Prime Minister Prayuth Chan-ocha attends a special parliament session: the government will do its best to meet constructive demands that reflect the wishes of the majority.   © Reuters

Since July 2020, the government has allowed several public gatherings to take place around the country so that the protesters may express their concerns. And despite the declaration of a serious emergency situation over a few days forbidding assemblies of more than five persons, the authorities exercised utmost flexibility and restraint in allowing the protests to proceed.

Many of the protesters' aspirations are not new, including calls to reduce social inequality and to improve the state's social welfare system. These are issues shared by the general public as well as successive governments. Over the past four decades, Thailand has made remarkable progress in moving from a low income to an upper middle-income country. Its ongoing efforts to strengthen the nation's social immune system against economic and social shocks through the Sufficiency Economy Philosophy, and universal health coverage, among others, have been internationally recognized. This was not achieved overnight but through hard work and perseverance taking several years if not decades.

While the government respects freedom of expression, it has to ensure that the exercise of these rights does not infringe upon the privacy, dignity and safety of others. Anyone can advocate their viewpoints and articulate their dreams. But issues that potentially have far-reaching implications require careful consideration and debate with a view to reaching a consensus from all concerned.

Given the current situation, the most appropriate course of action is for the parliament, where interests across the political spectrum are represented by their elected MPs, to take the lead. In October, 2020, an extraordinary session of parliament was convened to discuss the various demands made and possible ways of moving the country forward. A reconciliation committee was subsequently formed, tasked with exploring all possible avenues to break the political impasse. The protesters have been invited to be part of the committee but the offer was regrettably declined. At the same time, the procedure for amending the constitution is progressing in parallel with the submission to parliament of a draft bill for a national referendum.

The demands of the protesters are political by nature and can thus be dealt with by the democratic institutions and frameworks designed to resolve such issues. It would be wrong to involve the monarchy which is above politics. The monarchy does possess moral authority built on mutual trust and respect between the institution and the people. This moral authority is so deeply recognized and revered that some political factions have tried to take advantage from it for their own gains. This must be avoided.

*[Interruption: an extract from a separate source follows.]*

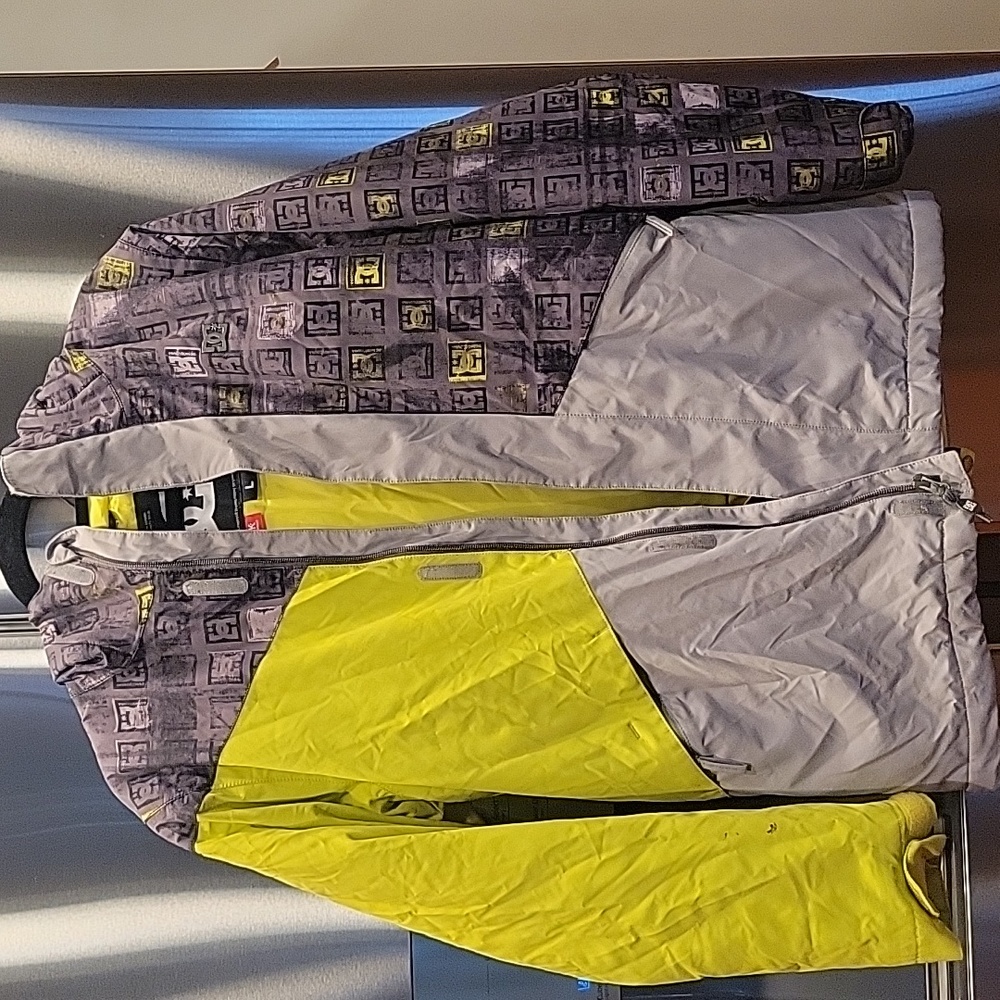 DC Snowboard/Ski Jacket - 10k waterproof - Boys L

What is necessary now is for parliament, representing the people, to discharge its duties and responsibilities and achieve a solution that is acceptable to all. Stakeholders across the political spectrum have to listen to others, join the process, be realistic and sort out their differences through dialogue and compromise. This may take time, but it will be the only way to achieve an outcome that is meaningful and sustainable, thus ensuring that Thailand continues to move forward, leaving no one behind.